Seiring waktu berlalu, rencana tersebut menjadi lebih konkret, dan kami bahkan menerima informasi tentang rencana Metal dari Isola.
Akhirnya, rencana serangan teror besar-besaran oleh pahlawan kelas S telah selesai.
Setelah joran siap, saatnya memasang umpan dan menunggu ikan menyambar umpan.
Untuk menangkap paus.
***
Metel, seorang pahlawan kelas S dari Amerika Serikat, berjalan-jalan di jalanan Seoul sambil memakan sate ayam bakar dari pedagang kaki lima.
Dia menyembunyikan identitasnya dan berwisata di Seoul, tanpa terlalu mempedulikan Egostic hingga sesaat sebelum serangan teror itu terjadi.
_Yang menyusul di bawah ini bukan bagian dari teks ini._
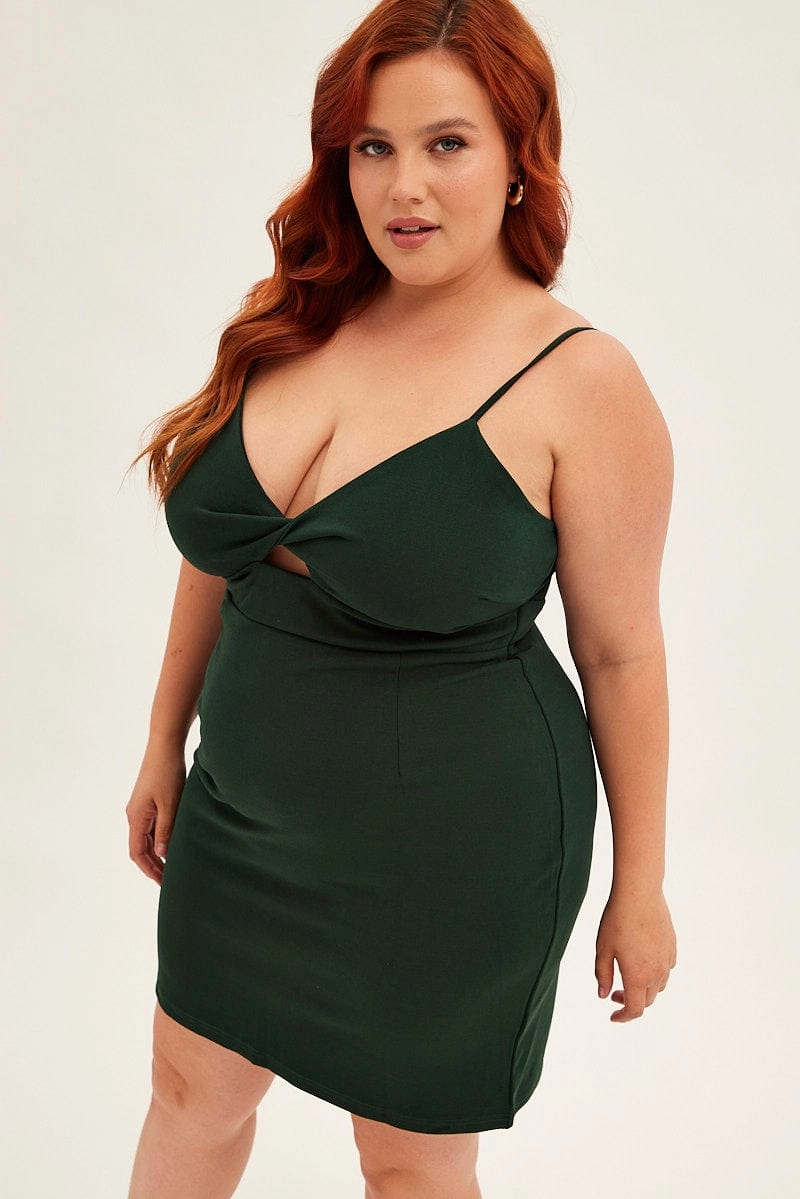 Green Midi Dress Shoestring Strap Fitted Stretch Crepe Modern and Stylish Timeless Waistband Fit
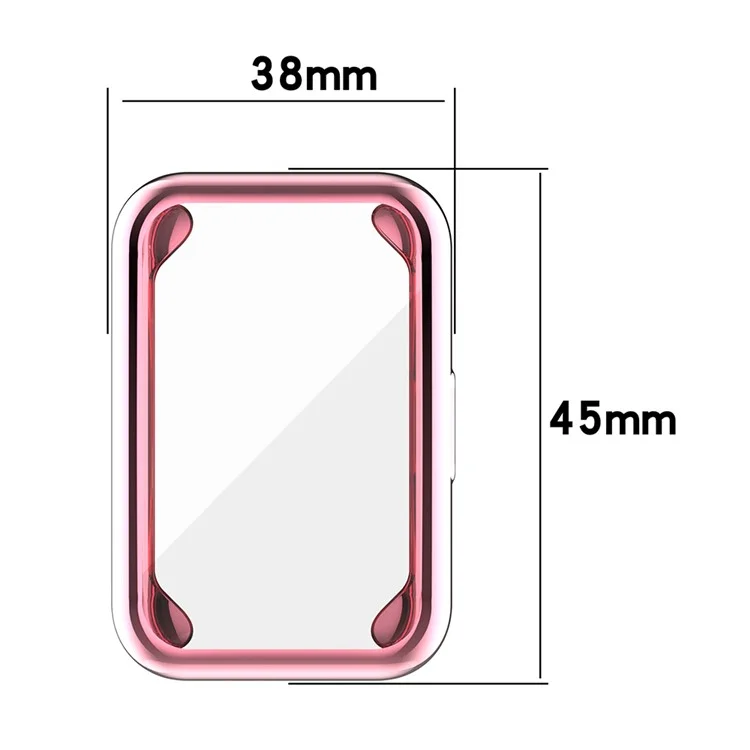 Coque de protection pour Huawei Watch Fit (TIA-B09 / TIA-B19) / Fit Special Edition (B39) / Fit New, Boîtier de montre en TPU électroplaqué - Rose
“Maksudku, apa itu penjahat kelas A… kita perlu menangkap mereka dengan cepat.”
Meskipun dia pernah mendengar bahwa ada beberapa penjahat kelas S di bawah komandonya, seberapa kuatkah sebenarnya mereka yang berada di bawah kelas A?
Dengan rekam jejak membunuh banyak penjahat dengan tangannya sendiri, dia tidak menyangka bahwa penjahat di negara ini, yang bahkan bukan Amerika, bisa begitu tangguh.
Saat dia sedang menikmati sate ayamnya, sesuatu terjadi.
[Metel! Egostic telah menyebabkan teror!]
“Oh benarkah? Oke. Ayo kita pergi sekarang. Tunggu aku dulu.”
Dia melemparkan tongkatnya ke tempat sampah setelah mendengar berita yang telah ditunggunya dan terbang ke langit dengan tangan bersilang.
Dalam benaknya, bahkan tidak terlintas sedikit pun kemungkinan bahwa dia bisa kalah dari Egostic.